Natural de Reggiolo, na Emilia Romagna, Ancelotti, desde menino, alimentava o sonho de ser jogador de futebol. E conseguiu realizá-lo. Como atleta profissional, atingiu um nível técnico que o levou a ser convocado para a seleção italiana, a Azzurra. Ao encerrar a carreira, aos 33 anos, surgiu a dúvida: o que fazer a partir daí?
A resposta surgiu com o convite feito pelo então técnico Arrigo Sacchi para ser seu assistente na seleção italiana. Sacchi assumiu o comando da equipe em 1991. “Era o único jeito de manter viva a minha paixão pelo futebol. Foi apenas um novo modo de amar esse esporte e ir atrás de outros sonhos”, diz ele, no livro.
A missão que tinha pela frente era a de classificar a seleção para a Copa do Mundo de 1994, que seria realizada nos Estados Unidos. A Itália disputou a final contra o Brasil, que venceu o jogo, conquistando assim seu quarto título mundial.

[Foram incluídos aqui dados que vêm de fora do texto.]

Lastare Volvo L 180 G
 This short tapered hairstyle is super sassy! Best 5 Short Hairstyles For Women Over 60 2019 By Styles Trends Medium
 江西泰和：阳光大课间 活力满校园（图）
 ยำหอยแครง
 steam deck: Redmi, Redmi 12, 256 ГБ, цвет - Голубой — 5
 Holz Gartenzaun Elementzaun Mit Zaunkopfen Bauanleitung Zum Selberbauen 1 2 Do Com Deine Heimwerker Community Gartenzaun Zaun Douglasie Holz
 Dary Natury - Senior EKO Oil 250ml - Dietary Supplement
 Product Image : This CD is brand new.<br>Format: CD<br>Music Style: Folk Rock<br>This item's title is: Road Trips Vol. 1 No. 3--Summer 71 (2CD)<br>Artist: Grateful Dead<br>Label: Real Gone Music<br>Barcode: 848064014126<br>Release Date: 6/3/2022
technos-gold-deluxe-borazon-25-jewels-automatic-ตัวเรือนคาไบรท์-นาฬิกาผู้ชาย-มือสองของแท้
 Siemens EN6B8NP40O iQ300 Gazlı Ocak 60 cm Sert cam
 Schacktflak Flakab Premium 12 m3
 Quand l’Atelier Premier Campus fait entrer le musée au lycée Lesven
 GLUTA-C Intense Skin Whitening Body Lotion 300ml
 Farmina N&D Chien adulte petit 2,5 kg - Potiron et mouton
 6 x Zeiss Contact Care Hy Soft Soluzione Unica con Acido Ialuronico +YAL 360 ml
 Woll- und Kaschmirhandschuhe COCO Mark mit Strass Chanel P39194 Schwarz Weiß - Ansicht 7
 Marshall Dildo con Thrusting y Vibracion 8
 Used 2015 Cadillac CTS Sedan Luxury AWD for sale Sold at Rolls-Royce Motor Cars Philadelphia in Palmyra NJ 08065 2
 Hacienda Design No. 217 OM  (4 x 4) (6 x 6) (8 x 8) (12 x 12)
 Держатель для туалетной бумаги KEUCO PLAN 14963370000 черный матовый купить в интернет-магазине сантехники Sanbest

O Sonho. Carlo Ancelotti e Chris Brady. Tradução: Diego Francisco Gonçalves. Editora Planeta (256 págs., 69,90 reais)
Ancelotti revela que, ao longo da carreira como jogador, foi adaptando filosofias de trabalho e esquemas táticos de diversos técnicos, e que, quando passou a ser técnico, colocou em prática esses aprendizados, sem, no entanto, ficar refém de nenhum deles.
Entre as suas qualidades estão a de transmitir confiança para os jogadores e de tratar todos com respeito – não importando a função da pessoa dentro do clube. Ancelotti trabalhou nas cinco principais ligas do futebol da Europa e aprendeu a falar o idioma de todas.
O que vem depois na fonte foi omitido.